ADJUDICATOR TO HER MAJESTY’S LAND REGISTRY

LAND REGISTRATION ACT 2002

 

IN THE MATTER OF A REFERENCE FROM HM LAND REGISTRY

 

BETWEEN

  1. IAN MICHAEL OSBORNE
  2. BARBARA LINDA OSBORNE

 

APPLICANTS

 

and

 

  1. MARY LAWTON
  2. ROBERT NOYES
  3. RICHARD SANDFORD-FAWCETT

 

RESPONDENTS

 

Property Address: Land on the north west side of 12 The Close, Charlton Marshall, Blandford Forum

Title Number: DT379490

Before: Mr. Michael Mark sitting as Deputy Adjudicator to HM Land Registry

 

Sitting at: Victory House

On: 8 March 2011

___________________________________________________________________________­

 

DECISION

 

Adverse possession under paragraph 5(4) of Schedule 6 to the Land Registration Act 2002. Disputed land fenced in as part of the garden of the house being bought by the Applicants. Reasonableness of Applicants’ belief that the disputed land was part of the property which they bought.

 

  1. This decision is given without a hearing at the request of both parties. I am satisfied that there is no important public interest consideration that requires a hearing in public.

 

  1. For the reasons given below I shall direct the Chief Land Registrar to give effect to the application of the Applicants dated 4 June 2010.

 

  1. The Applicants are the registered proprietors of 12 The Close, Charlton Marshall, title no. DT379490, which is their home. This is an application in form ADV1 under section 97 and paragraph 1 of Schedule 6 to the Land Registration Act 2002 for the Applicants to be registered as proprietors of a small area of land at the end of their garden which appears at present to fall within the registered title of the Respondents although it is not in dispute that it has been enclosed as part of the Applicants’ garden and used as part of that garden since at least 1986 (see the statutory declaration of Dorothy Winifred Pullen dated 18 November 2010). Mrs. Pullen is the next door neighbour of the Applicants. In those circumstances, and as there is no dispute as to any of the facts, it would appear to be the case that, at latest, by 1998 the Applicants (who acquired their property in 1996) will have acquired a possessory title under the pre-2003 law, so that an application under paragraph 1 of Schedule 6 to the 2002 Act based on 10 years possession since 1996 was strictly unnecessary.

 

  1. That is, however, the basis of the application, and I shall deal with it.
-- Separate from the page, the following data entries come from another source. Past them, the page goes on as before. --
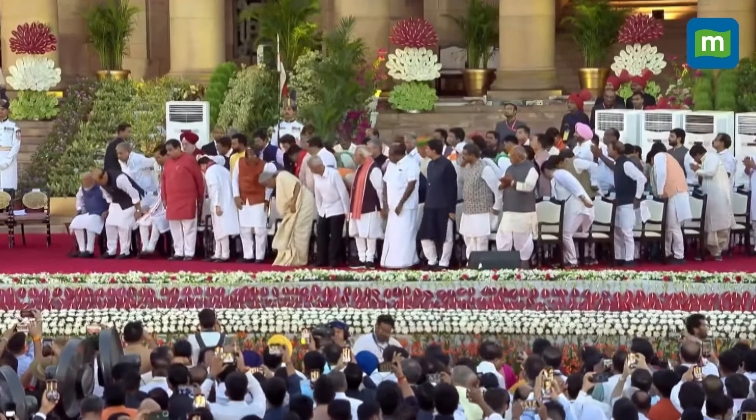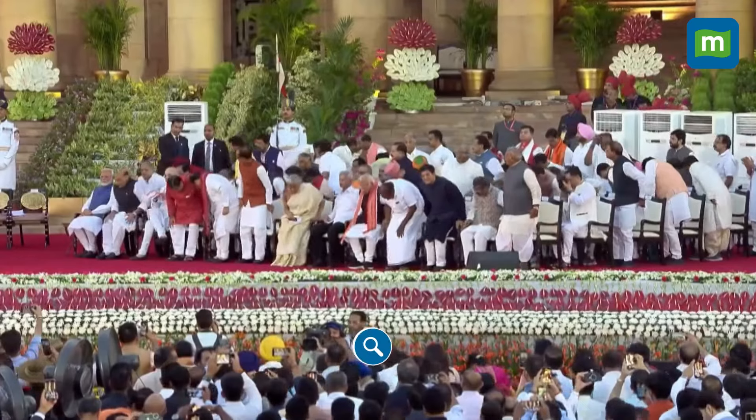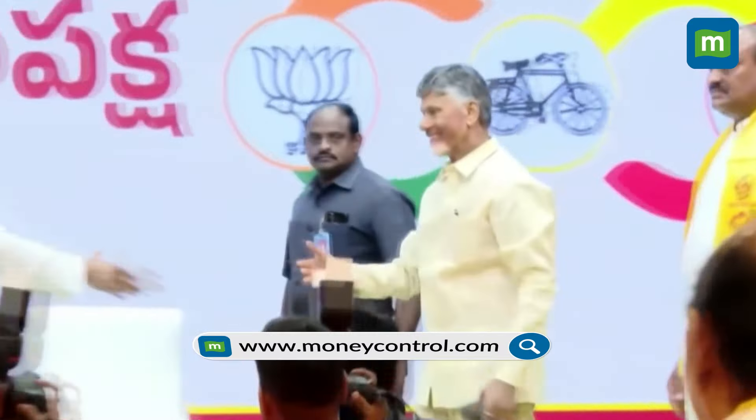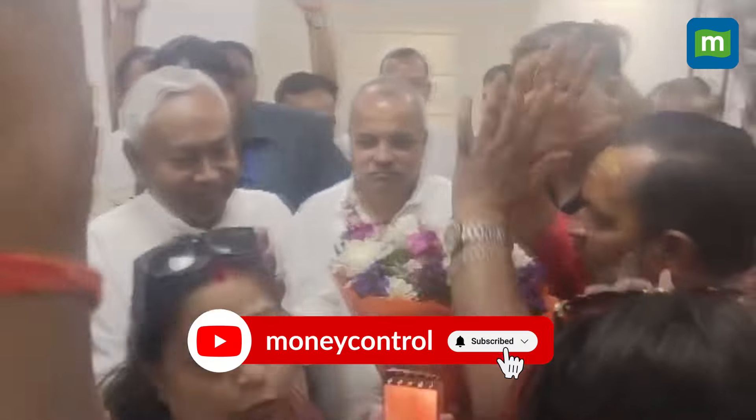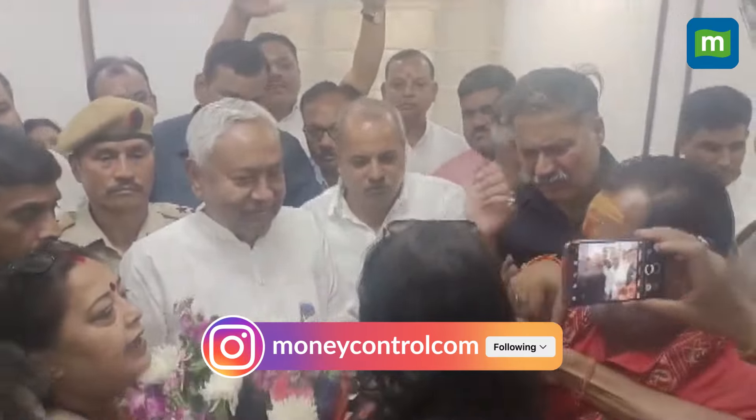Due to these powers — especially the power of disqualifying members — the TDP and JDU are pressing for the post of Speaker, which will help them save or topple the government in the future.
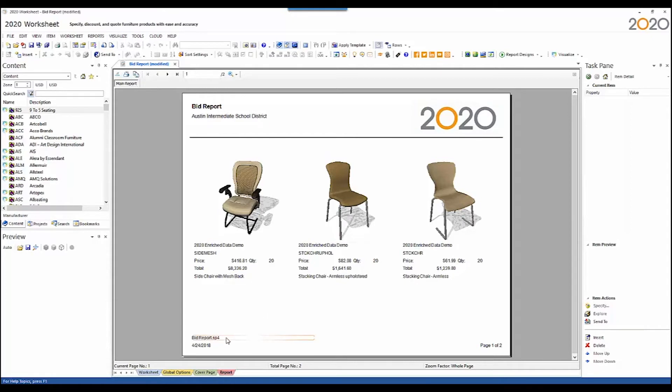Down the bottom left corner shows you the worksheet file name. Below that is the date that the report was created. Bottom right is the page and the total number of pages for this report.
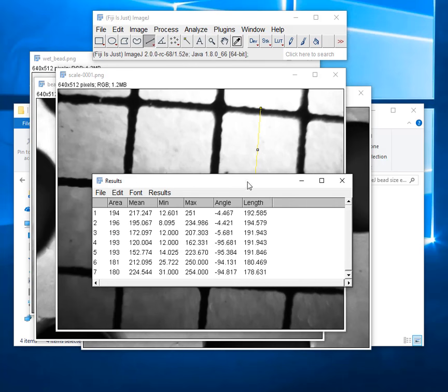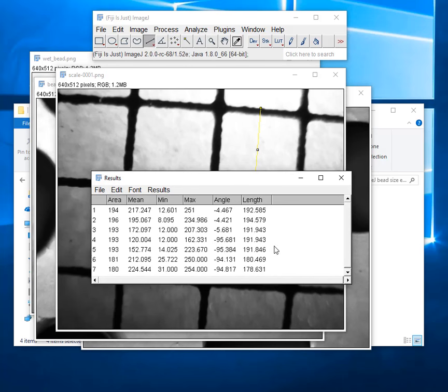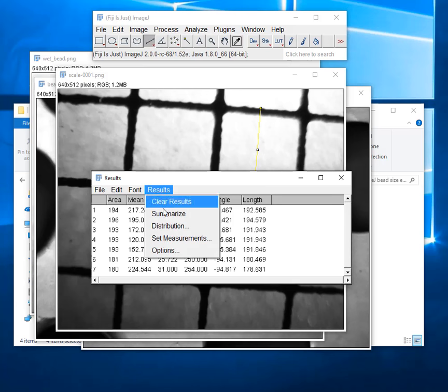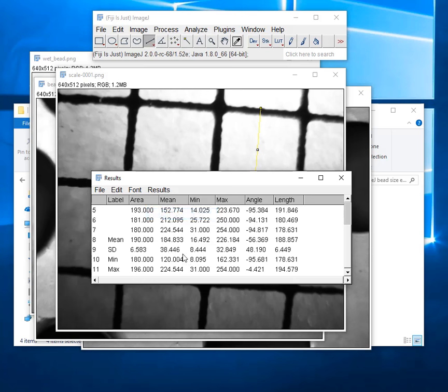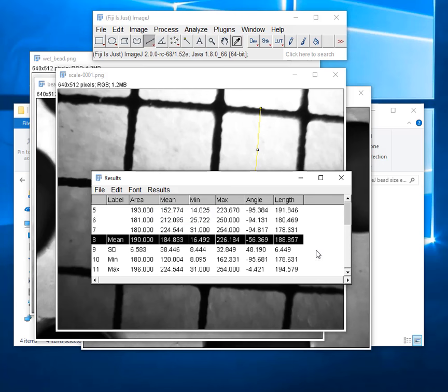So if I bring back up this window see I have all these measurements, some of them get pretty varying. Now I want the average distance so I hit results and summarize and you can see it gives me the mean. The mean length is 188.857 and so that tells me that two millimeters in these pictures equals 188.857 pixels.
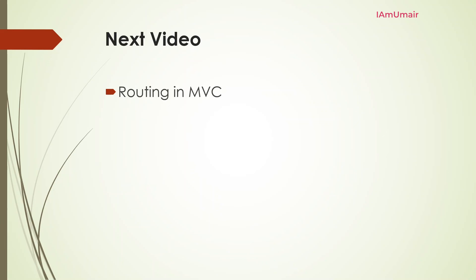So that's all from my side. In the next video, we will learn about routing in MVC, tag helpers, and Razor view engine. Thank you very much, take care.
The Applicants rely on paragraph 5(4) of Schedule 6. The Respondents concede that three of the four requirements of that paragraph are satisfied. They also accept that the Respondents believed for the requisite 10 years period that the disputed land belonged to them. The only issue is whether that belief was a reasonable one.

 

  1. The Respondents submit that for the belief to be reasonable the Applicants must have taken reasonable steps to ascertain the correct position. In this case, it is said, the obvious check would have been a simple check of the boundaries against the title plan which would have demonstrated that the boundary was in the wrong position. The title to the Applicants’ property was registered and their solicitors would have had a copy of the title plan as part of their pre-contractual due diligence. That would not have been part of the title deeds sent to the Applicants’ mortgagees. The Respondents refer to paragraph 10.11 of the Conveyancing Handbook published by the Law Society which states that the client should be advised to inspect the property and look for and report a discrepancy or uncertainty over the identity or boundaries of the property, and that it is useful for the client to take a plan of the property with him in order to check its accuracy. Had they done so, it is said, they would have been aware that they did not own the disputed land and for this reason their belief, however honest, is not reasonable.

 

  1. There is no allegation that the Applicants actually did receive such advice or a copy of such a plan from their solicitor. Nor does the Conveyancing Handbook say, at least as quoted, that the solicitor had a duty to give such a plan to the client. The boundary fence was obvious on inspection and it was obvious that the disputed land was being used as part of the garden and had been for some time. There is no suggestion that standard pre-contract enquiries as to boundaries did or might have drawn attention to any problem. Thereafter the Applicants occupied their home, including the disputed land, for well over 13 years before anybody suggested that they might not own the disputed land.

 

  1. In my judgment, a person who buys a home with a garden is acting reasonably in the ordinary case if he proceeds on the basis that what you see is what you get. It may be different if he is warned of a problem or if the boundary appears uncertain, or if some discrepancy is pointed out to him by his solicitor, or if he actually checks the title plan and notices a discrepancy. But Land Registry title plans carry a warning that they show general boundaries only and not the precise boundary line, and they frequently do not coincide precisely with the actual boundary.

 

  1. In this case there is no suggestion that the discrepancy was noticed by the Applicants or pointed out by their solicitors. The boundary appeared clear from the fencing. The previous owner had been there some time and there is no suggestion that any problem was indicated by any pre-contract enquiries. Further, by the time a question was raised in May 2010, the Applicants had themselves been in occupation for over 13 years without a problem. If there was any issue with the boundaries, they could reasonably have expected it to have been drawn to their attention by the Respondents’ predecessors within a relatively short time of their arrival.

 

  1. The question is not whether a better-informed or advised person might have come to a different view. It is whether the Applicants’ belief was reasonable or unreasonable. In all the circumstances, I am satisfied that it was clearly a reasonable belief from the start of their occupation, and it was all the more clearly reasonable by May 2000, after over 3 years of occupation without any hint of a problem, a situation which continued until May 2010. Accordingly, insofar as they did not already have a possessory title under the old rules, they have now acquired one and should be registered accordingly.